It’s that time of year again for us. The time of year where we deploy massive numbers of servers in a very short period of time. This year we deployed around 1000 servers to 23 locations. That’s a lot of work to get done in two weeks, but we’ve managed to do it. There are things that went very well, things that merely went ok, and things that were terrible.
We’re on our third generation (well, third generation since I’ve been here) OS installation system. I’ve talked about how this works in other posts, but the short version is that without iPXE, none of this would have been possible. We ended up having a central image server per location, which made all the installs speedy (though we did manage to peg the install servers gigabit ethernet link multiple times). This also isolated us from any transient network issues that may have occured. This entire system worked wonderfully. For a very large majority of servers, we didn’t have to do anything other then turn them on. The entire process from bare metal to fully configured machine was automated, and all the time spent refining that process was well spent.
More recently then I would have liked, we’ve also developed similar systems to automatically configure all the IPMI controllers, and provide us with the ability to manage them all centrally. Having a ‘View KVM’ button within our server management system made troubleshooting broken installs that much simpler. There was no tracking down which IPMI controller went to which machine, nor remembering to firewall off all the IPMI controllers from the internet. Having a list of all the new machines in a location, and their status (configured or not) made confirming the physical installs were done simple.

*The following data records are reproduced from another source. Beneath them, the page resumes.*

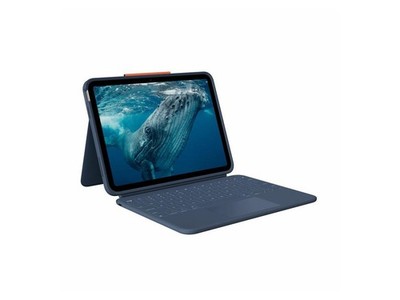 Logitech Rugged Combo 4c Touch iPad Keyboard Case iPad (10th Gen, A16) Case with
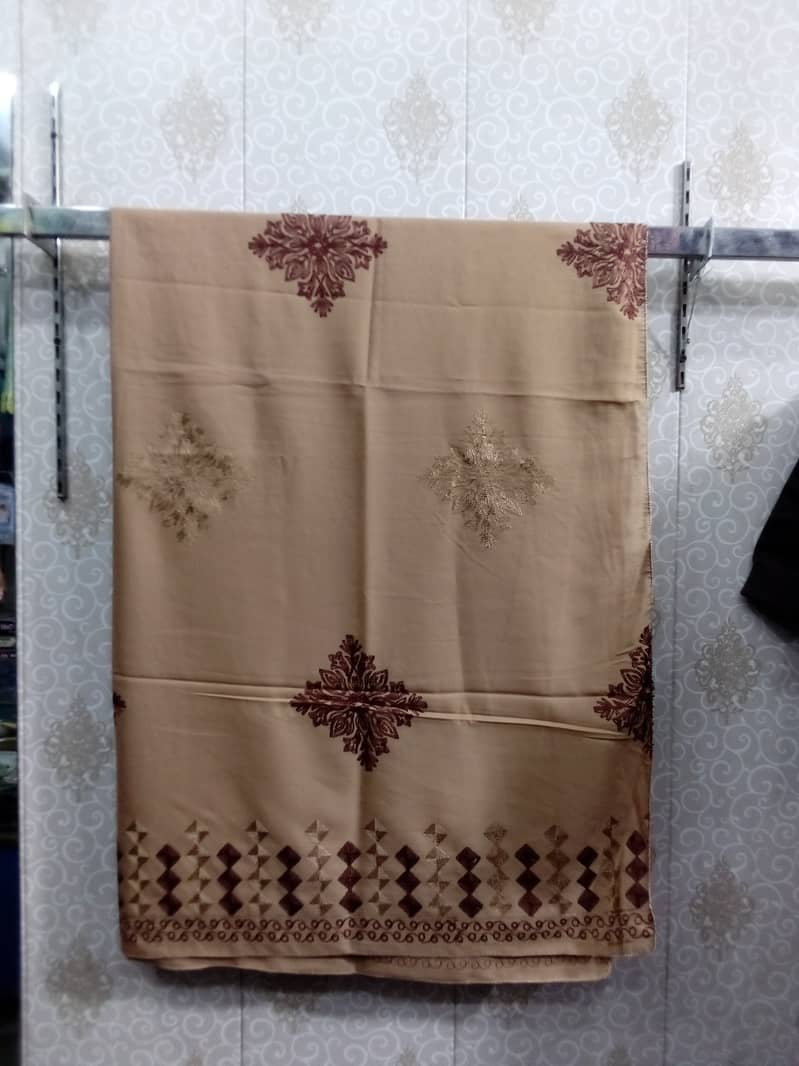 Summer Collection – Wash & Wear Ladies Shawls 11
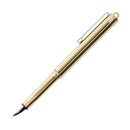 Traveler's Fountain Pen - Solid Brass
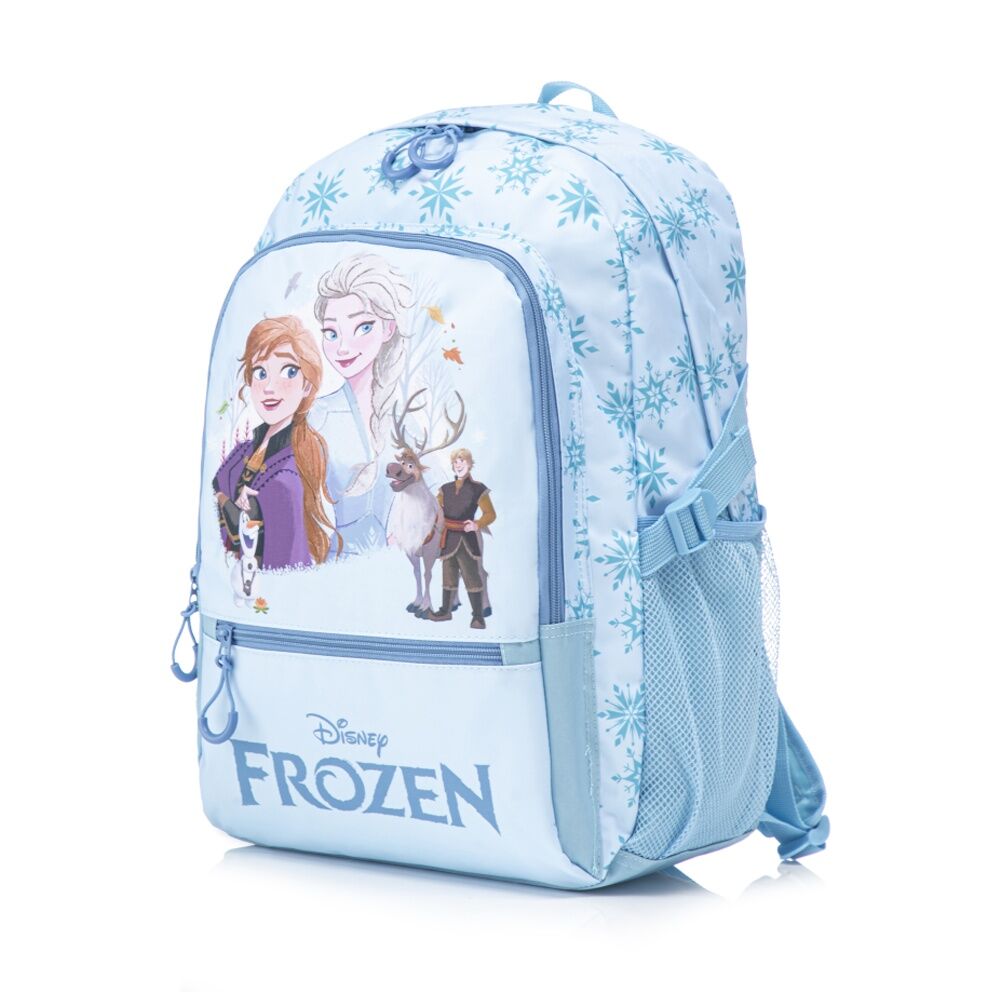 Frozen 44cm Blue Frozen Elsa & Anna Disney Teen Backpack Children/Kids School Bag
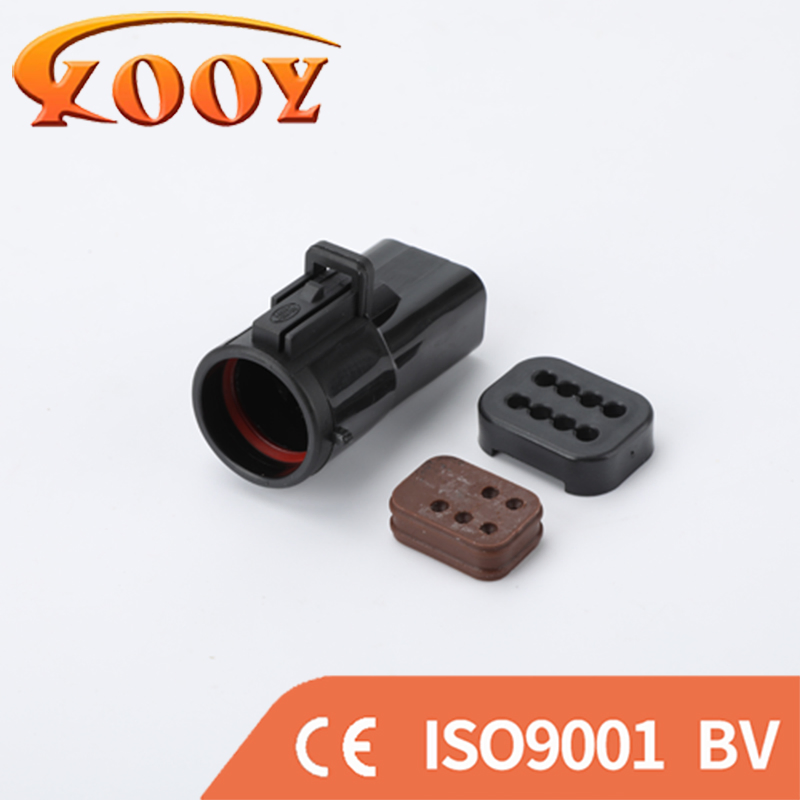 Conector de Socket de Relé Duradero 8-Pin para Soluciones de Cableado Eficientes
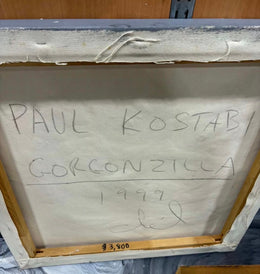 Paul Kostabi: Gorgonzilla Painting 1999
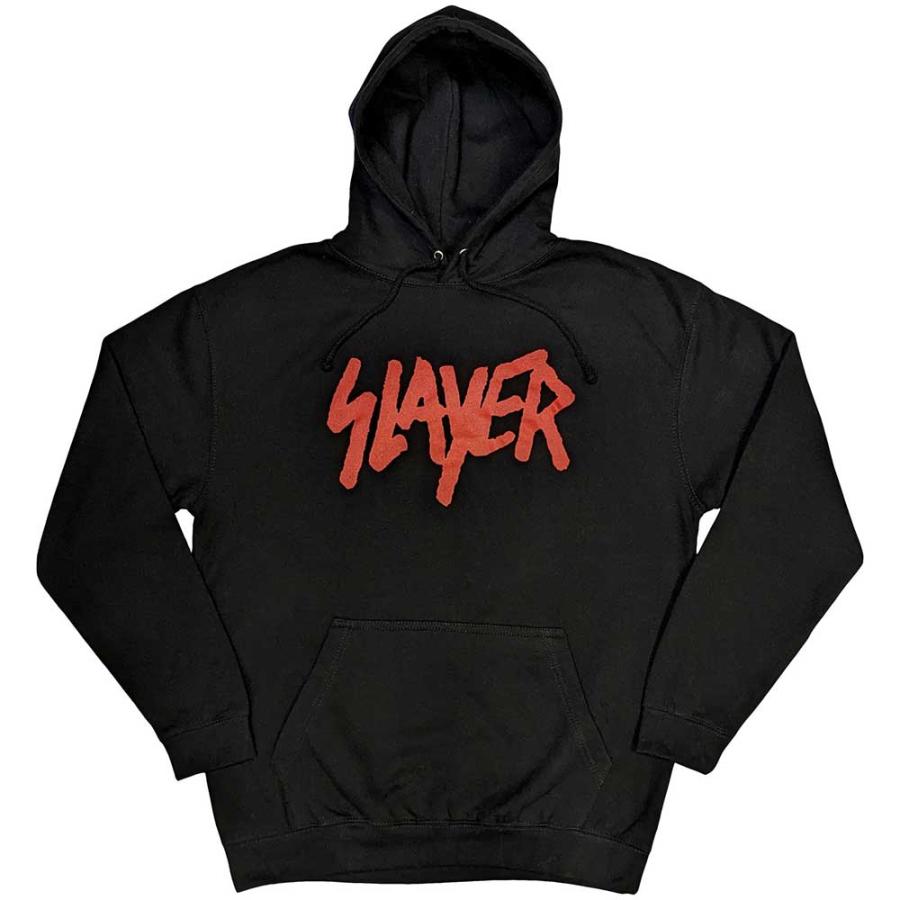 スレイヤー) Slayer オフィシャル商品 ユニセックス Slatanic パーカー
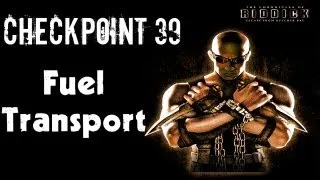 The Chronicles of Riddick: Escape From Butcher Bay - Walkthrough Part 39 - Fuel Transport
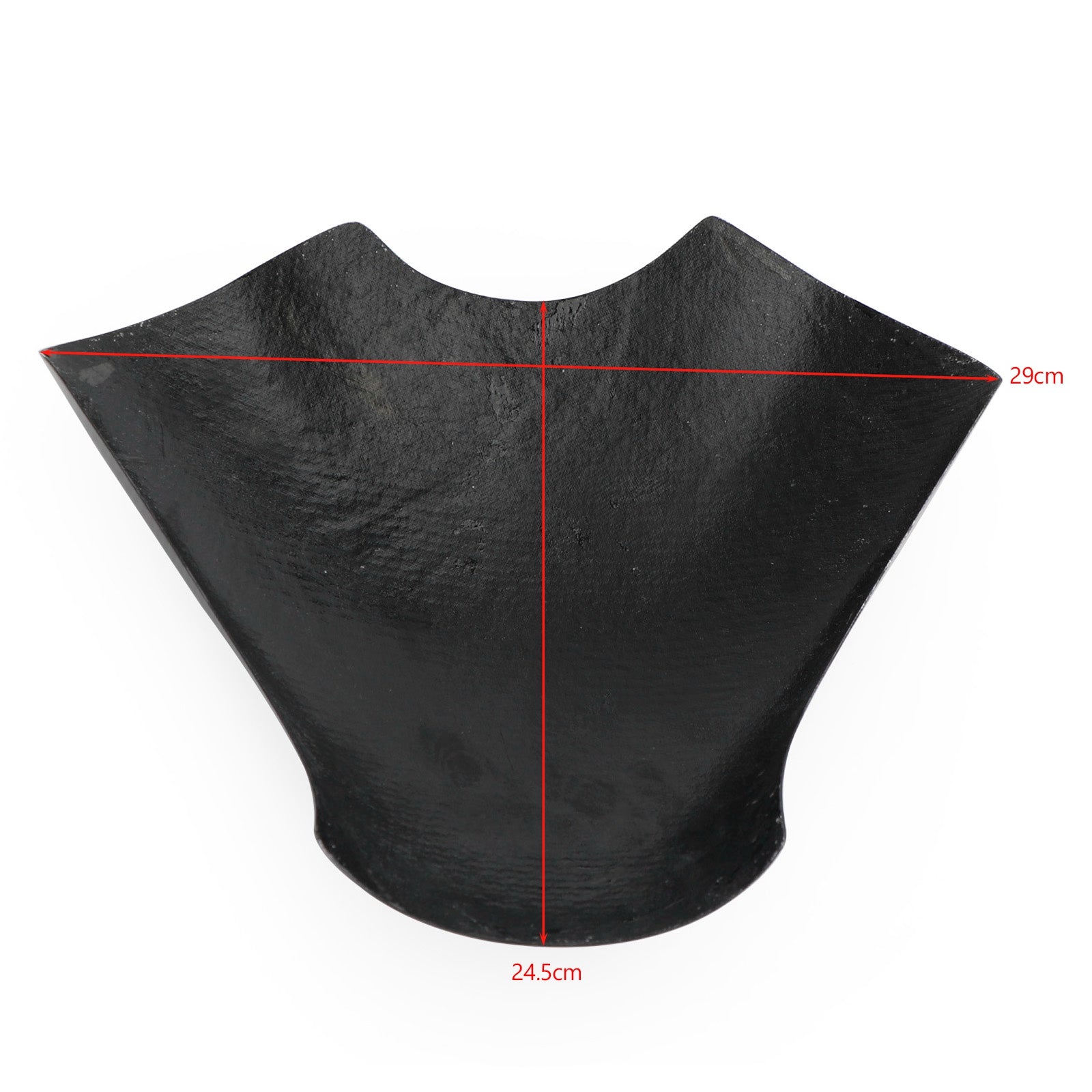 2007-2008 Kawasaki Ninja ZX-6R Carbon Gas Tank Cover Panel Faring Protector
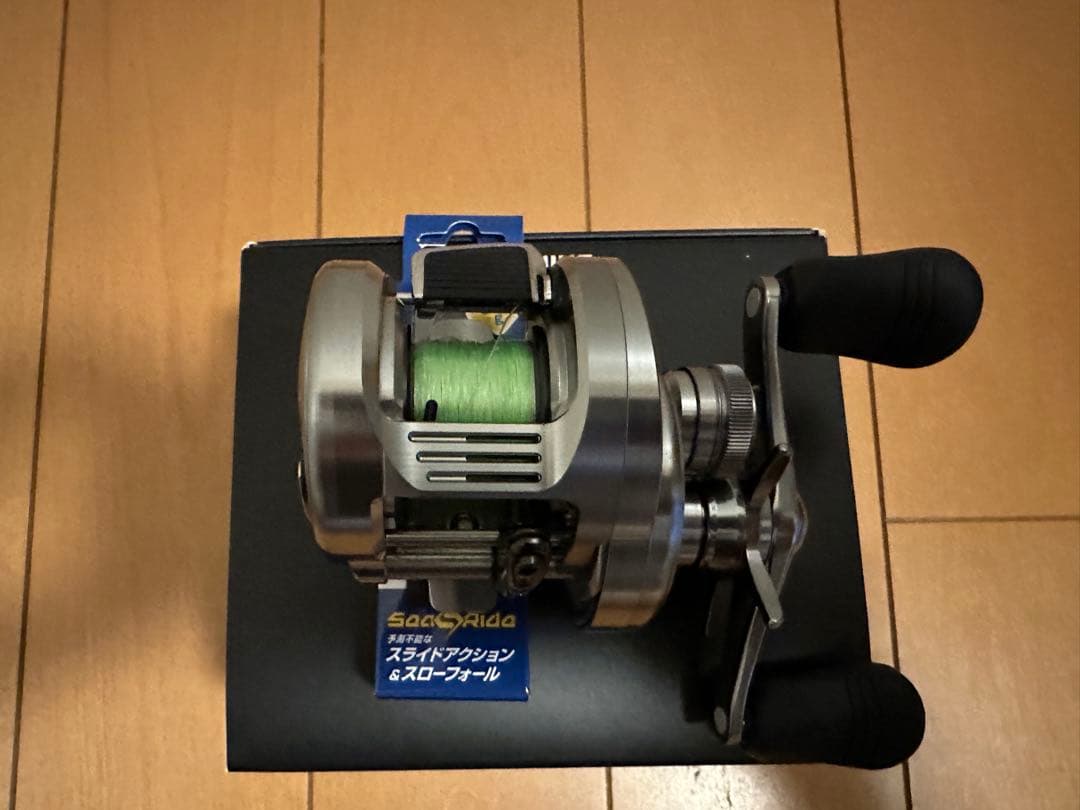 リール Shimano Calcutta Conquest DC 101HG LEFT
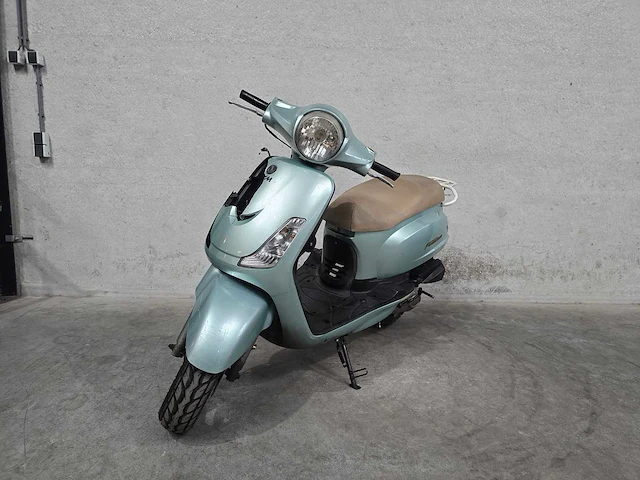 Sym - bromscooter - fiddle 50 ii - 4t 45km uitvoering d789fx - afbeelding 3 van  7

While we use local mirrors for the initial OS install, we were still relying on one central mirror for our other software. This ended up being a source of delays (23 locations remember, the vast majority of them were not close enough to get great download speeds), as well as causing some failures. Next year we’ll definitely have to distribute this content globally. I’ll probably end up investigating geo-replicated file systems to make this a more transparent process.
Speaking of other software, we were surprised mid-deployment by a Cygwin update that broke sshd. We heavily rely on sshd for mangagement and configuration, so this led to a paniced debugging session. We ended up rolling back to the previous Cygwin release by using the ‘Cygwin Time Machine’. The lesson here is to freeze all your software dependencies before starting a large rollout. This only ended up breaking around 50 machines, so it wasn’t a ton of wasted work.
Unsurprisingly, the other big source of issues was the physical hardware itself. Most of our deployment was Supermicro. Supermicro (at least from our reseller) doesn’t seem to believe in issuing unique serial numbers for their hardware. Dell, for example, has the service tag prominently displayed on the outside of the machine. This means you can retrieve it from the OS, and go tell remote hands to look for it. Or, you can retrieve a list of all the known ones, and tell remote hands to go investigate any missing ones. With Supermicro, we ended up tracking all this by MAC address. We keep track of the MAC addresses of all the servers, and use our networking gear to tell us which MAC is on which switch port. We can then tell which switch ports the broken machines are on, and make remote hands trace cables. This process has it’s uses, but it’s not great for this kind of setup. I’m not certain how we can fix this in the future, it still requires some thought.
This has been the quickest and easiest deployment we’ve done so far. It’s not as quick and easy as I’d like, but we’re definitely moving in the right direction. We’ve come a long way from manually imaging, configuring, and shipping boxes. The only way forward is more automation!